Arte e abuso del crescendo
Turin Brakes e The Field a Spaziale
Recensione
pop
Che un certo pop new-acustic abusasse del crescendo ne abbiamo sempre avuto l’impressione: come se la cifra emotiva di un brano si fondasse sulla triangolazione fra l’orecchiabilità del motivetto – lo hook – il tasso emotivo della progressione armonica (gli u2 insegnano) e la capacità di aggredire emotivamente lo stomaco dell’ascoltatore con il climax di intensità. I Turin Brakes, attesi allo Spazio 211 per il sabato di Spaziale 2010 (dopo l’intrigante psichedelica alla newyorkese di A Place to Bury Stranger) sono l’emblema della maniera presa dalla musica “acustica” emersa in Inghilterra nel decennio post brit pop. Due chitarre, armonie vocali sforzate (i Kings of Convenience, ma con più pathos, senza stare a scomodare Simon & Garfunkel), un basso stereotipato a completare l’armonia e una batteria a cercare di alzare il tiro. Insomma, poche idee ma molto chiare: fin troppo. Un crescendo dopo l’altro, ci si autorizza ad ignorare questa musica emo-acustica, che – per giunta – dal vivo mostra la corda della tecnica, non più rivestita dalla produzione accurata.

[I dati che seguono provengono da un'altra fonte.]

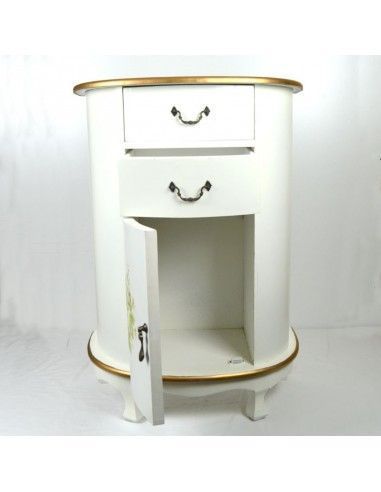 MESA AUXILIAR DE MADERA BLANCA CON FLORES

Il crescendo è anche freccia avvelenata della retorica dance: The Field, in chiusura di serata, ne fa tesoro. Una dance, quella del musicista svedese, che odora di indie in maniera entusiasmante. Sarà perché è suonata anche da un basso e – soprattutto - da una batteria poderosa, che conferisce (sul modello dei Battles, e il batterista è lo stesso: John Stainer) umanità rock al minimalismo, quasi un’edizione clubbin’ del miglior kraut. Proprio la batteria, che non risparmia controtempi e sezioni di primo piano, è l’elemento capace di richiamare l’attenzione, stagliandosi sullo sfondo di elettronica minimale e pastiche house, rapidi campioni di voci, loop e delay, ribaltando il rapporto sfondo-figura e guidando i crescendo – finalmente, sì - esaltanti.